Bu hususları hatırlattıktan sonra, müride şu soruyu yöneltir:
"Siz bu şartlar çerçevesinde bana beyât ediyor musunuz?" Ve mürid "evet" deyince, ona Kur’ân-ı Kerimdeki ahdi bozmamayla ilgili âyetleri okur. "Allah Teâlâın emir ve yasaklarına, Rasûlüllah sallallâhü aleyhi ve sellemin sünnetine uyacağıma, herkese gereği şekilde hizmet edeceğime, dünya âhirette şeyhimin Ahmed Rifâî olduğuna, Cenâb-ı Hakkı, melâike-i kirâmını, resul ve enbiyâsını, halkından hâzır olanları şahit tutarım" sözlerini şeyh müridine tevbe yaptırdıktan sonra söyletir.
Sonra şeyh gözlerini yumar, ellerini dizlerine koyar, üç defa "Lâilâhe İllallah" kavlini telkin eder ve dördüncüsünde "Muhammedü’r-Rasûlullah" der. Mürid de bu şekilde tekrar eder. Elini müridin göğsüne götürerek tevfik ve ihlâsı için dua eder. Ve ikisi beraber kalkıp kıbleye yönelerek Hz. Rasûlüllah sallallâhü aleyhi ve selleme selât ve selâm getirirler. Fatiha ile intisâb merasimi sona ermiş olur. Eğer intisâb eden kadın ise, intisâb esnasında elini tutmaz. Bir tülbendin bir ucundan şeyh tutar, diğerinden müride. Erkek müride telkin ettiği şeyhleri bu kadına da söyletir. Dua eder, Fatiha ile merasim biter.

 

TARİKAT ZİKRİ VE BURHAN

Rifâiyye Sesli zikir yapan tarikatlardan birisidir. Zikir ve âyin usûlüne "zikr-i kıyâmî" (ayakta zikir) adı verilir. Kadiriyye, Bedevîyye ve Sa’diyye "kıyâmî" zikri benimseyen diğer tarikatlardır.

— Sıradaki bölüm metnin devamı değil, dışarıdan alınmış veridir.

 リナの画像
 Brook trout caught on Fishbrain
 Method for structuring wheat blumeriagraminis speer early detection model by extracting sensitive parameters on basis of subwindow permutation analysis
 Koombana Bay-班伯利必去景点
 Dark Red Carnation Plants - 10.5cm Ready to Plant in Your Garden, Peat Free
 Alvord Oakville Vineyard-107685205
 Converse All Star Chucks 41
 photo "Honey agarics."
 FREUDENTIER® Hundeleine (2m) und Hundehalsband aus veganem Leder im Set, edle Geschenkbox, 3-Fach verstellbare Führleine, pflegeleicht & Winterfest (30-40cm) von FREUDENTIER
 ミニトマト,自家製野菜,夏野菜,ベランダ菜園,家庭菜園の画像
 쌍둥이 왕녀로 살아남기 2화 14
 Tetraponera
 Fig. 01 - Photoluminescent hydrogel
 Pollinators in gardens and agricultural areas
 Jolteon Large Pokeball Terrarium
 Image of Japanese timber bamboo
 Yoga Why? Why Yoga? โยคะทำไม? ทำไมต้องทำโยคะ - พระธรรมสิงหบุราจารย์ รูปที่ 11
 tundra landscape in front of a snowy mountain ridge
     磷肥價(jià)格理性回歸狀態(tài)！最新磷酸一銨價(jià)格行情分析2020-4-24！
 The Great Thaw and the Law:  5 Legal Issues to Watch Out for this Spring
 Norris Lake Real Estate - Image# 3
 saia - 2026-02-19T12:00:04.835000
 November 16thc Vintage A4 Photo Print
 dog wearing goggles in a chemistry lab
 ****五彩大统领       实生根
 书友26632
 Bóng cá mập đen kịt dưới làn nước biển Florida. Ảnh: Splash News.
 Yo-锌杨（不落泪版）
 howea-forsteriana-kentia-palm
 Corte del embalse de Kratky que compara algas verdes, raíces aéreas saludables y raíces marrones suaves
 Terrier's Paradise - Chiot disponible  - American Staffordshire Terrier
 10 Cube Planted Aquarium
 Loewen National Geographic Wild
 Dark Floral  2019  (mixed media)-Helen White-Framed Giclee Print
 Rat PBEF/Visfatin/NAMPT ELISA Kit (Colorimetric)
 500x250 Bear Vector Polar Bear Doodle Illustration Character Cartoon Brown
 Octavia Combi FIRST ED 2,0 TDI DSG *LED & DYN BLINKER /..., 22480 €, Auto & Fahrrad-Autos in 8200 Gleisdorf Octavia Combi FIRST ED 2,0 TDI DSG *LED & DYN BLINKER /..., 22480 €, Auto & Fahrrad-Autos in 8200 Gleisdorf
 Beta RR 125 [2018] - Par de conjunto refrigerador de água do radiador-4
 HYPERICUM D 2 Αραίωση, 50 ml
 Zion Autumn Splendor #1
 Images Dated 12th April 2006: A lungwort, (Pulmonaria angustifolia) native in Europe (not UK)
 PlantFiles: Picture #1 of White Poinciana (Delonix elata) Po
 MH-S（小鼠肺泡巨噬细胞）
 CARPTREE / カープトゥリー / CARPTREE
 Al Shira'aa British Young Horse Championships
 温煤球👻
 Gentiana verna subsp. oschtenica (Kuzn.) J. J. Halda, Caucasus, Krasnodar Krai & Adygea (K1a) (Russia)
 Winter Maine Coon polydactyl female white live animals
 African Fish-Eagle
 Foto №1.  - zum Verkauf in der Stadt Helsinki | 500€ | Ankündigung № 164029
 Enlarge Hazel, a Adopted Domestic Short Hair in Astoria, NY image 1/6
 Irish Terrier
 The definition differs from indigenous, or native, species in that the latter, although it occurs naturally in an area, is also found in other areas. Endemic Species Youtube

"Zikr-i kıyam" şeyh efendinin Fâtihası ile başlar. Dizüstü oturulur ve hilâl şeklinde bir zikir halkası teşkil edilir, Fâtiha’dan sonra "özel bestesi" olan "evrâd-ı şerif" okurlar. Kısa bir duâ yapılır. Ardından ayağa kalkılır. Halka bozulmadan, vücûdun belden aşağısı fazla hareket ettirilmeden şeyh efendinin belirttiği esmâ (Allah Teâlânın isimlerinden biridir. Genelde kelime-i tevhidle başlanır. Sonra lafza-i celâl ve Hayy-Hakk isimleri zikredilir) zikredilmeye başlanır. Zikir meclisini "reis" denilen bir kişi yürütmeye başlar. Zâkirler yâ tek başına ya da grup halinde ilâhiler, kasideler söylerler. Böylelikle dervişler iyice coşar ve zikir hızlanır. Yeseviyye tarikatında zikir esnasında görülen "testere" sesine benzer bir sesle zikrin ritmi değişir.
Bu coşkunluk hâlinde aktâb-ı erbaa (dört büyük kutup)’dan birisi olarak kabul edilen Ahmed er-Rifâî kaddese’llâhü sırrahu’l azîz Hazretleri’nin Hz. Rasûlüllah sallallâhü aleyhi ve sellemin “elini Öpme kerameti” esnasında meydâna gelen harikulade durumların bir tezahürü ve devamı olarak "burhan" âyini başlar. Burhan, şüpheye yer bırakmayacak kadar kesin ve özel delil demektir.
Kılıç, şiş, topuz, teber (bir çeşit balta) gibi âletler vücûdun yanak, karın, gırtlak, göz ve değişik yerlerine saplanır. Ayrıca "lâl" denilen bir demir parçası ateşe sokulur, akkor hâline gelince ağıza alınıp yalanır ve soğutulur. Bu hâdiseye "gül yalamak" ta denir. Bu esnada "Hayy" ism-i şerifi zikredilir.

Ve burhan bittikten sonra "Hakk" ve "Hû" ism-i şerifleri zikredilir. Sonra oturulur. Esmâ-i Hüsnâ’dan bazı isimler okunur. Ardından bir kişi "âşır" okur. Şeyh Efendi duâ eder. Fatiha ve salavâtlar çekilir. Sağa ve sola selâm verilerek zikir âyini bitmiş olur. Ateşe yakıcılık, bıçağa kesicilik özelliğini veren Allah Teâlâ’dır. İstediği zaman geri alır. Tıpkı Cenâb-ı Allahın Hz. İbrahim aleyhisselâmı ateşin yakıcılığından koruduğu gibi (Biz. "Ey ateş! İbrahim için serin ve selamet ol!" dedik.)[2]

Burhan, Rifâiyyenin çok tanınmış ve dikkat çekmiş bir hususiyetidir. Burhan gerçekleştirilirken zikir bir yandan devam eder. Şunu da belirtelim ki burhan her zikir meclisi kurulduğu zaman icra edilmez. Şeyh efendinin uygun gördüğü bir zamada gösterilir.